The Armenian Genocide Museum and Memorial Inc. reported assets of $22.4 million and expenses of $1.5 million in 2008, the most recent year for which Internal Revenue Service filings are publicly available. Of those expenses, $941,799 covered legal fees.
The museum organization owes the District of Columbia about $190,000 in unpaid taxes this year, records from the Washington Office of Tax and Revenue show.
The museum “has incurred and will continue to incur substantial tax liability,” Armenian Assembly attorneys said in a brief, further explaining that the museum “has been unable to raise funds or engage in fundraising” because of the dispute.
The legal claims and counterclaims are complex.
Cafesjian made his fortune with West Publishing, a Minnesota company that handles legal publications. His family foundation pledged $15 million toward the museum, including purchasing the property.
“Cafesjian has dedicated his largess to the Armenian people, Armenian nation and Armenian causes,” his attorneys said in one legal filing.
Museum organizers, though, subsequently claimed that Cafesjian was interfering with the development in hopes of regaining the valuable property for his own purposes. They sued.
Cafesjian filed his own lawsuit, asserting that the museum’s board of directors shut him out of key decisions. He wants to reclaim ownership of the museum site; initially, he also sought to be repaid more than $1 million.
“In light of (the Armenian Assembly’s) refusal to let him participate and their attacks on him personally, it would be unjust to allow them to retain money that he donated,” Cafesjian’s attorneys said in a brief.
Starting Nov. 9, U.S. District Judge Colleen Kollar-Kotelly oversaw a bench trial that lasted 12 days.
On the trial’s last day, the Cafesjian attorneys filed an unusual, 21-page statement alleging “untruthful testimony” by four Armenian Assembly witnesses. The attorneys cited supposed discrepancies with earlier depositions.
Armenian Assembly attorneys, in turn, said in a filing Wednesday that they “stand behind the credibility” of the witnesses, and they called the Cafesjian attorneys’ claims “presumptuous.”

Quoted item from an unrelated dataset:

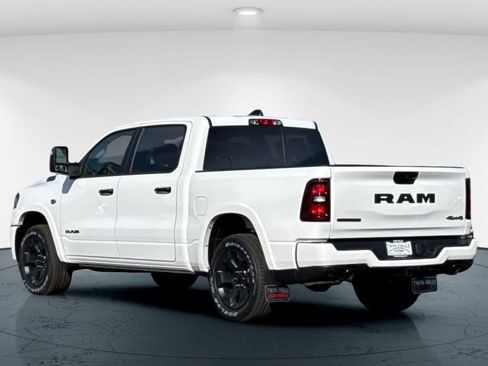 New 2026 RAM 1500 Big Horn image 8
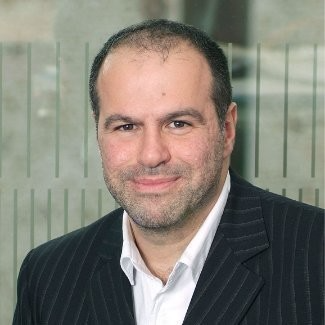 Henry Benamram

Posted 29 December 2010 - 06:21 AM
Excuse me but if one puts up millions has the right to participate in decision making.
Posted 29 December 2010 - 12:24 PM
Cafesjian don;t wish to be the milking cow
just look at the man in his age he has helped Armenia and Armenians sooo many ways
Posted 20 April 2013 - 02:06 PM
Washington Business Journal
April 19 2013
Michael NeibauerStaff Reporter- Washington Business Journal
The owner of three vacant commercial buildings in the heart of downtown
D.C., all tied inexorably to the sputtering Armenian Genocide Museum
project, has applied to knock them down.
What's better, a 5,700-square-foot vacant lot or three vacant
buildings? Pick your poison.
The Cafesjian Family Foundation of Minneapolis has submitted a
request to raze 1338, 1340 and 1342 G St. NW, all of which back up
to the historic but vacant National Bank of Washington building at
14th and G, which it also owns.
Representatives of the foundation, recorded as the owner of the
properties in July 2011, did not return calls for comment. All three
buildings were briefly classified by the District in 2012 as blighted,
until the foundation successfully appealed.
The properties to be razed are worth a combined $8.2 million, according
to D.C. assessors, but the value is entirely in the land.
I'm not aware of any proposals to build anew.
The bank building has long been planned as the future home of the
Armenian Genocide Museum, a memorial to 1.5 million Armenians killed
in the final days of the Ottoman Empire. The G Street properties,
too, were to be part of the project.
But the foundation and the nonprofit Armenian Genocide Museum and
Memorial are tied up in prolonged litigation (another appeal was filed
March 25 in the U.S. Court of Appeals for the District of Columbia
Circuit) over a relationship and donation gone bad, a lawsuit a
federal judge once described as "very bitter and very unforunate."
Here's the gist.
The bank building was acquired by the Armenian Assembly of America
early in 2000 for $7.25 million, using funds provided by multiple
donors, most notably $4 million from the Cafesjian Family Foundation,
according to court documents.
Gerard Cafesjian, a wealthy former publisher and Armenian
philanthropist, separately purchased the G Street properties the same
year for about $5.5 million, with the idea of turning them into a
contemporary art museum to complement the genocide museum. But the
art museum was built in the Armenian capital of Yerevan instead,
and Cafesjian conditionally agreed to donate the G Street buildings
to the Assembly for an expansion of the genocide museum.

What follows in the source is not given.